3. E-books obviously present lots of possibilities for note-taking and such. And I do a lot of note-taking.
4. Imagine, wild as it may sound, that you’re traveling with your partner and her family to a distant beach. Might it be nice not to burden you and your partner with 11 pounds of books? (Not a remote hypothetical. I just asked Amazon how much [book: The Reactionary Mind] and [book: The Rhetoric of Reaction] in paperback, plus the three volumes of Otto Pflanze’s Bismarck biography in hardcover, plus [book: King Leopold’s Ghost] in hardcover, plus [book: Iron Kingdom] [sensing a theme?] in hardcover, totaled, and the answer is 11.4 pounds.)
5. Variable text size is nice. I can just set the Kindle on the elliptical machine’s handlebars at work, tap the text size up appropriately, and read from a distance.
Against:
1. I am still all about beautiful books. Would the Kindle ever preserve pages this beautiful?
2. Until the Kindle can do hyphenation with justified lines, it is going to make me cringe.

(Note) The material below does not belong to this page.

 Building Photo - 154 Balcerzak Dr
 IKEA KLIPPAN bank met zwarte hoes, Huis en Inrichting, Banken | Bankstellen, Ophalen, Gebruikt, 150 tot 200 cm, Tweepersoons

I don’t understand why the Kindle doesn’t yet use the Knuth and Plass algorithm, which as far as I understand it is public domain and in use by everyone, up to and including Microsoft Word.

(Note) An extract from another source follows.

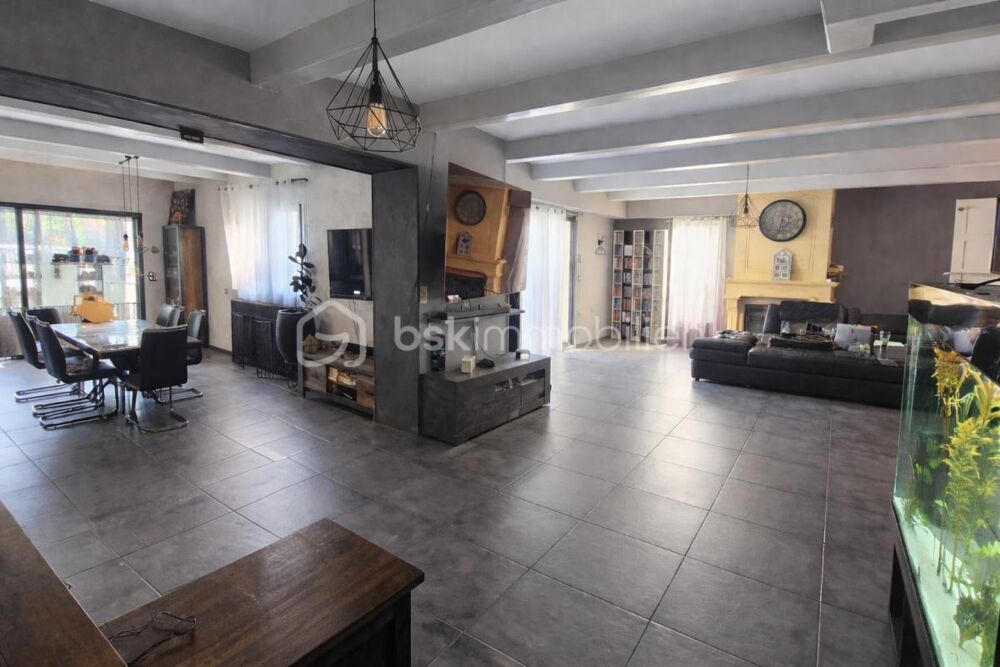 Vente Maison Charmante maison familiale de 250m² !!!! Noailles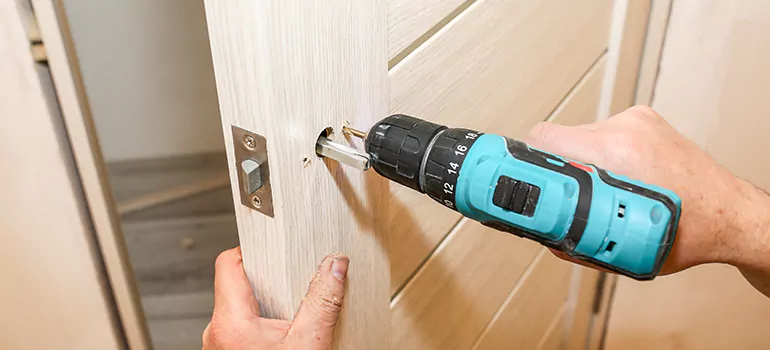 Old Door Knob Repair in North Miami, FL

3. I want to actually *own* the books I read, rather than have them constantly subject to Orwellian deletion.
4. Just as my kids will not know what cassette tapes are, or CDs, or DVDs, and will live in an entirely virtual world, they will also likely not know books. They will surely not understand why daddy has a 20-volume dictionary which he is always tempted to supplement, even though he spends all his dictionary time accessing the online OED through the Cambridge Public Library. And they will definitely not have the same experience daddy had, wherein he’d lay on the floor of his parents’ office, flip open to a random page in the World Book Encyclopedia, and go exploring for a little while. If they existed today, they would be using the Wikipedia, which — while it may be more accurate — is obviously no substitute for a real encyclopedia. (I use the Wiki every day, and have donated hundreds of dollars to its upkeep, but this is still obvious to me.)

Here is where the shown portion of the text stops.